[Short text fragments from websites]
:::

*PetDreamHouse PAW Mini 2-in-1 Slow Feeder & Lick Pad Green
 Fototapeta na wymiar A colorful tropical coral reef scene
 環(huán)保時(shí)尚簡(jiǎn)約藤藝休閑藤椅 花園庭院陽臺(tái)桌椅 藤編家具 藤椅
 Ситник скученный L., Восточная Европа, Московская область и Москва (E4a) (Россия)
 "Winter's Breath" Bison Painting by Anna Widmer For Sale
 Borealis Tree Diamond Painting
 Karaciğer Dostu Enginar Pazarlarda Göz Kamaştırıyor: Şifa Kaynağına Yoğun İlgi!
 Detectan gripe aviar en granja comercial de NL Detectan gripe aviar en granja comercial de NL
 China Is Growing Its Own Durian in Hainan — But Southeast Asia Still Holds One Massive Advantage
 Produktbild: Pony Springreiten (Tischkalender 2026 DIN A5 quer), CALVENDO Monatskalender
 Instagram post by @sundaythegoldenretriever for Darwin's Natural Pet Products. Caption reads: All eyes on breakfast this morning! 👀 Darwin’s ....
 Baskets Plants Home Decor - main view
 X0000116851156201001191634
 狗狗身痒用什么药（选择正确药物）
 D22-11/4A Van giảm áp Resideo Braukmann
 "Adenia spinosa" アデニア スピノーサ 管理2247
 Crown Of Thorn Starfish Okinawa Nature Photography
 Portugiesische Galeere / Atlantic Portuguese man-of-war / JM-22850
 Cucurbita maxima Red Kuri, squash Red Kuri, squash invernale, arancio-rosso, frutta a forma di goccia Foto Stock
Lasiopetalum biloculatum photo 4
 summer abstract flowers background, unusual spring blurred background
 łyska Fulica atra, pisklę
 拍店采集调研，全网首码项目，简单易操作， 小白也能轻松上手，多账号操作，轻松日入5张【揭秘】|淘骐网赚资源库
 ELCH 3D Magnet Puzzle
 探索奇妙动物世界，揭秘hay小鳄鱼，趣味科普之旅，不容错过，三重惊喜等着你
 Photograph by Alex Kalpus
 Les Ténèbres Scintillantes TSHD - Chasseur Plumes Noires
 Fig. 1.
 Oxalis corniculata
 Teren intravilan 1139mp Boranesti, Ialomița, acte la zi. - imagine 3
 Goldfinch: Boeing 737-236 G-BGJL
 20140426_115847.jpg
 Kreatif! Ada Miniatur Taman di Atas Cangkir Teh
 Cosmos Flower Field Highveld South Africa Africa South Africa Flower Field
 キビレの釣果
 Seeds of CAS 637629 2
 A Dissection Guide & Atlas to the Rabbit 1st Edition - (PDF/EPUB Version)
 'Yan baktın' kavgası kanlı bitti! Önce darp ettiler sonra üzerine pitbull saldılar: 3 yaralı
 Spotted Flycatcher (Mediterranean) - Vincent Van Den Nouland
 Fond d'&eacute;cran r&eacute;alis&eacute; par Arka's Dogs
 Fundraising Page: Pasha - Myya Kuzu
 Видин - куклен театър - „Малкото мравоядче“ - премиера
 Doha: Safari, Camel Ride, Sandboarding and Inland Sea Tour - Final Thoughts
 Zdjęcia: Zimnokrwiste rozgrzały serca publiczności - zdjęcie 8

:::

REQUIRED WORK -> State the number of lines above that include "Painting", and nothing further.

SOLUTION TO THIS PROBLEM -> 2